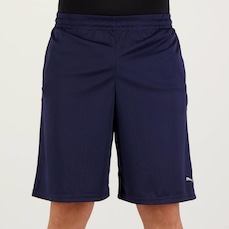 Bermuda Puma Performance Knit 10 - Masculina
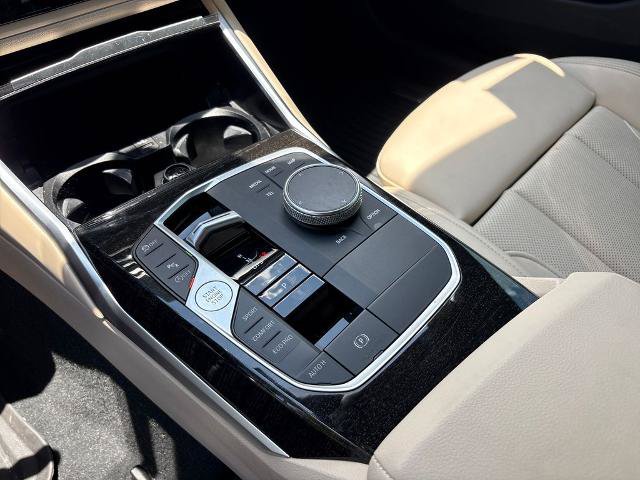 Used 2023 BMW 330i xDrive Sedan w/ M Sport Package AWD/4WD image 28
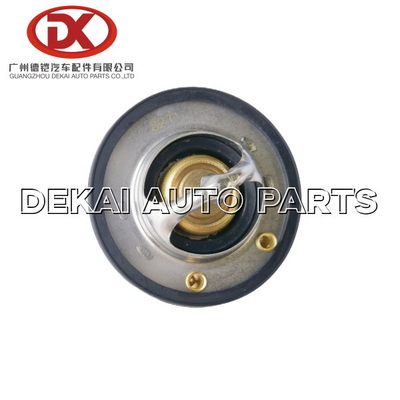 6HK1 ISUZU Thermostat 8 97602393 pièces de 1 8976023931 machines de construction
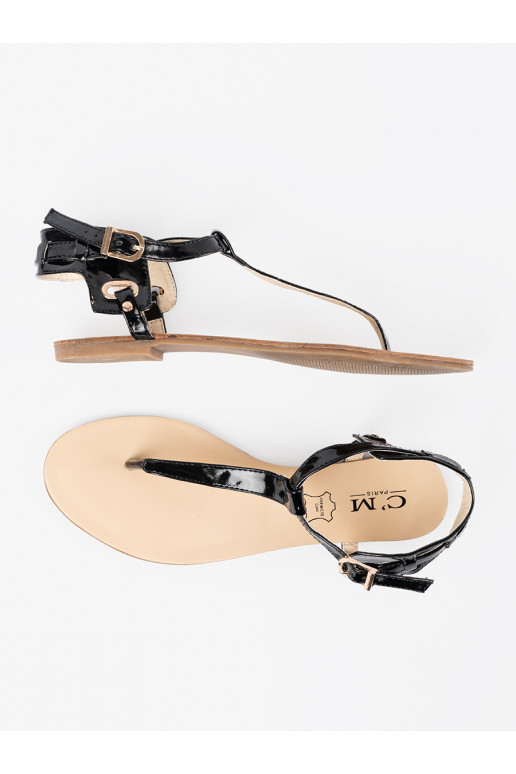 Melns kurpes  stylu japonek Melns kurpes  stylu japonek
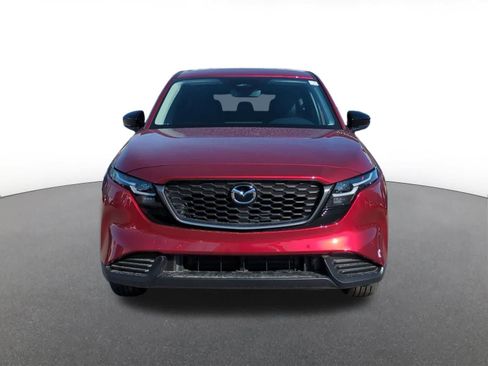 New 2026 MAZDA CX-5 Select AWD/4WD image 9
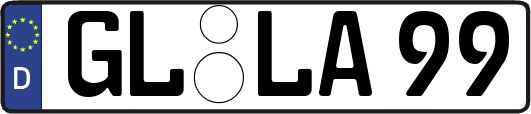 GL-LA99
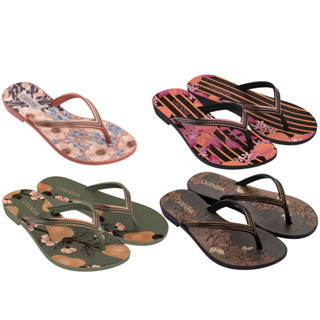 Chinelo Feminino Grendha Mais Açai 18060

**What the task asks:**
Give the listing again word for word, without its images.

**Exercise answer:**
 Bermuda Puma Performance Knit 10 - Masculina
 Used 2023 BMW 330i xDrive Sedan w/ M Sport Package AWD/4WD image 28
 6HK1 ISUZU Thermostat 8 97602393 pièces de 1 8976023931 machines de construction
 Melns kurpes  stylu japonek Melns kurpes  stylu japonek
 New 2026 MAZDA CX-5 Select AWD/4WD image 9
 GL-LA99
 Chinelo Feminino Grendha Mais Açai 18060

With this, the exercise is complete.